*** Begin section ***

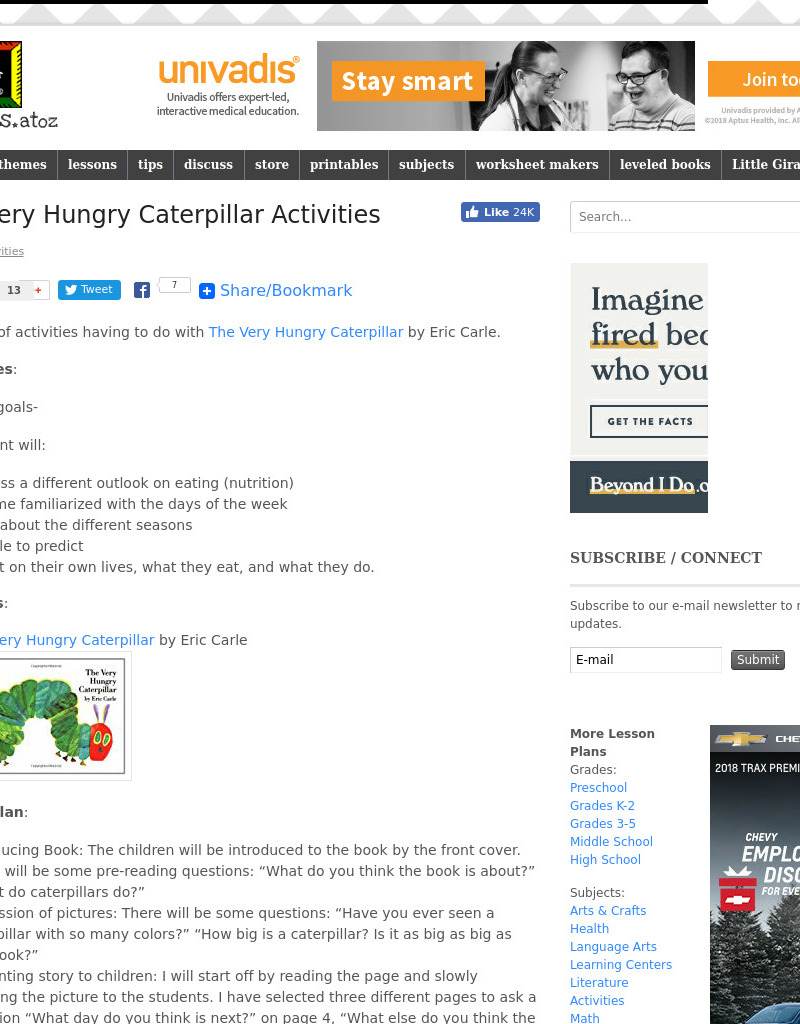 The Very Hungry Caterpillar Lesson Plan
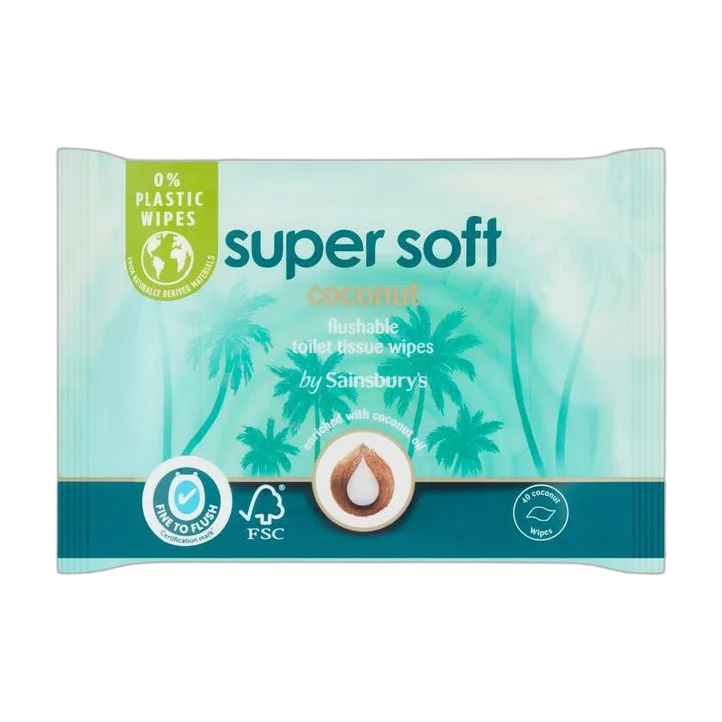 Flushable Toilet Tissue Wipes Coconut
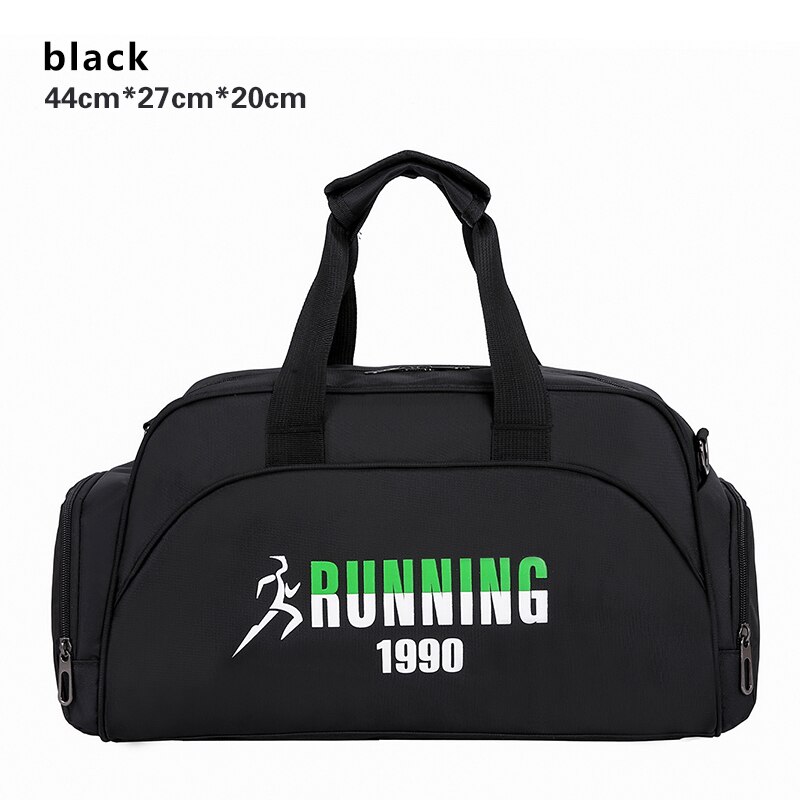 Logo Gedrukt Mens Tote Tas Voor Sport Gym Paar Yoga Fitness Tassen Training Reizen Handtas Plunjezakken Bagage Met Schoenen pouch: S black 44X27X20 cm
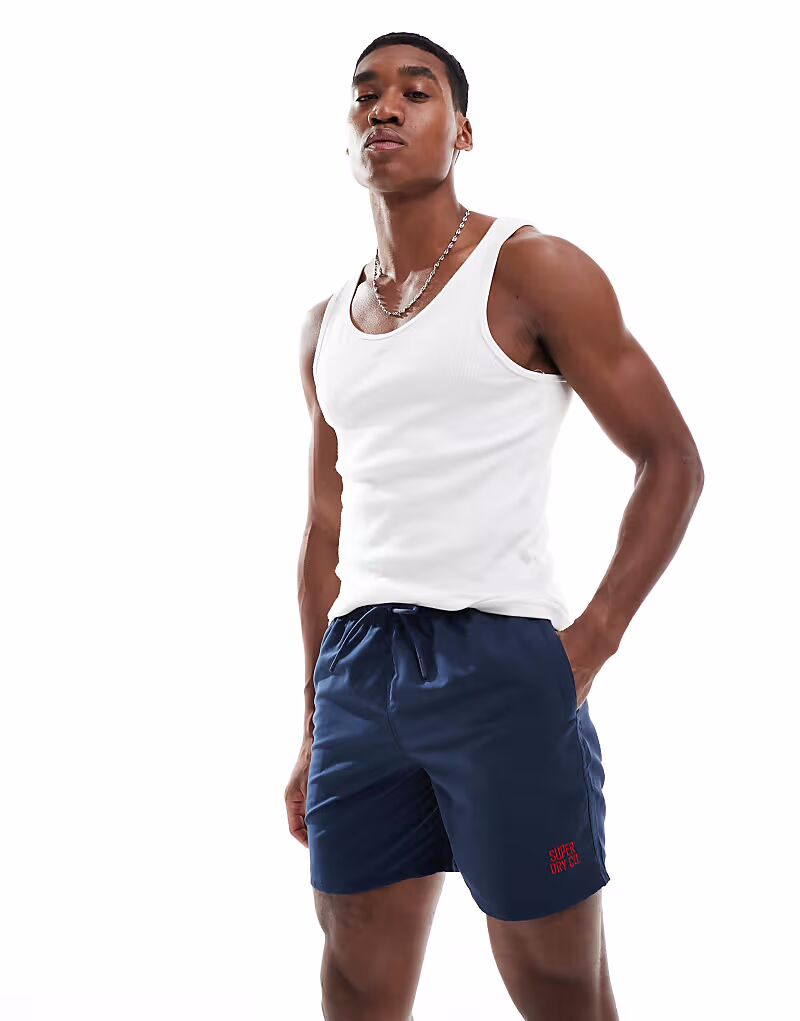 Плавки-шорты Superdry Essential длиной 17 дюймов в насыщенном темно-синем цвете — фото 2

*** End section ***

In copying the material, drop all pictures and keep everything else identical.

§ Response:
 The Very Hungry Caterpillar Lesson Plan
 Flushable Toilet Tissue Wipes Coconut
 Logo Gedrukt Mens Tote Tas Voor Sport Gym Paar Yoga Fitness Tassen Training Reizen Handtas Plunjezakken Bagage Met Schoenen pouch: S black 44X27X20 cm
 Плавки-шорты Superdry Essential длиной 17 дюймов в насыщенном темно-синем цвете — фото 2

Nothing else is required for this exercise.